Barossa-raised pastry chef Cheryse Zagler has worked in fine diners and French patisseries in Adelaide and Melbourne, yet her recent return to the Barossa is shaping up to be the icing on the cake.
Zagler, who apprenticed at Tanunda’s Carême Pastry, went on to work at Magill Estate and fine dining restaurants in Melbourne, and in 2017 refreshed Leabrook Bakehouse and Patisserie, has recently returned to the Barossa to set up a patisserie and boutique cake-making service within Greenock eatery El Estanco.
A Colombian restaurant might seem an odd place for a French patisserie, yet for Zagler it makes perfect sense. She struck a partnership with El Estanco founder Julian Velasquez and his partner Abby Osborne, who is also a trained pastry chef.
It was in September last year that El Estanco moved from its original premises, setting up across the road at a larger location within an old building that Velasquez and Osborne had spent months refurbishing.

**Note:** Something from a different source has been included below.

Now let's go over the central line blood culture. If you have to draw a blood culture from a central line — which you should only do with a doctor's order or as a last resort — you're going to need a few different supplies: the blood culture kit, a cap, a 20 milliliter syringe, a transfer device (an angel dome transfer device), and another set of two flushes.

Cheryse Zagler Cake and Pastry Design is now based within the restaurant.
For the past two months, Zagler has been rubbing shoulders with the El Estanco team in the kitchen to produce her French pastries, tarts, cakes, gateaux and croissant, which restaurant customers can order for dessert or as a coffee accompaniment. Her sourdough is served in the restaurant and loaves are available to take away.
“I don’t know how a French patisserie goes with a Colombian restaurant, but somehow everyone’s loving it and it all just works,” she says.

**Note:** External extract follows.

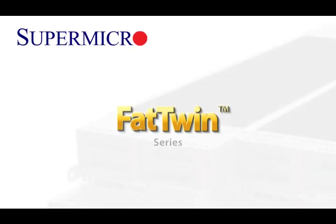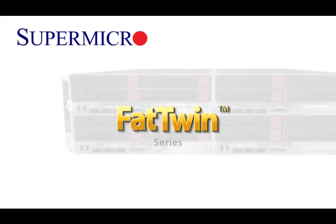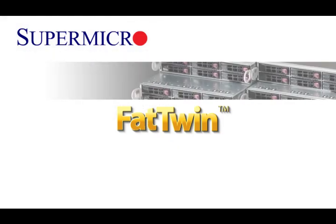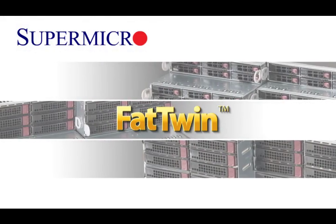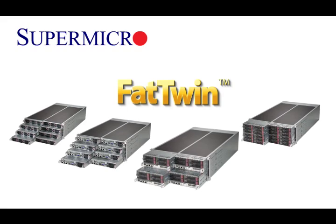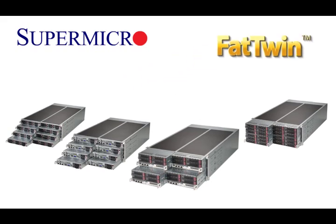The Fat Twin is the most anticipated new product family in the history of Supermicro. Its evolutionary 4U Twin architecture in 8-node, 4-node, and 2-node configurations delivers amazing performance and expanded storage capacity while achieving tremendous overall power efficiency at remarkable price points.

“I met with Abby and Julian and everything just felt right, it was like being home again. They’re beautiful people. We’re like-minded and have similar goals.”
Her vibrant and quirky croissants are garnering a small cult following with decadent gooey fillings, such as mousse, custard and raspberry.
Christmas fruit mince pies were also popular, filled with fruit soaked in gin and Spanish hazelnut liqueur, granny smith apples and flaked almonds, finished with a cherry and pink peppercorn sugared crust.
Yet it’s her newfound specialty for colourful cakes decorated in dried botanicals that have seen her inundated with orders and inquiries for weddings, engagement parties and birthdays.
Experimenting with dried floral elements began when her brother Jon Zagler and his partner Jay Marinis asked Cheryse to create an engagement cake for them.
“Jon’s not a traditionalist, so black or white was not allowed,” Zagler says.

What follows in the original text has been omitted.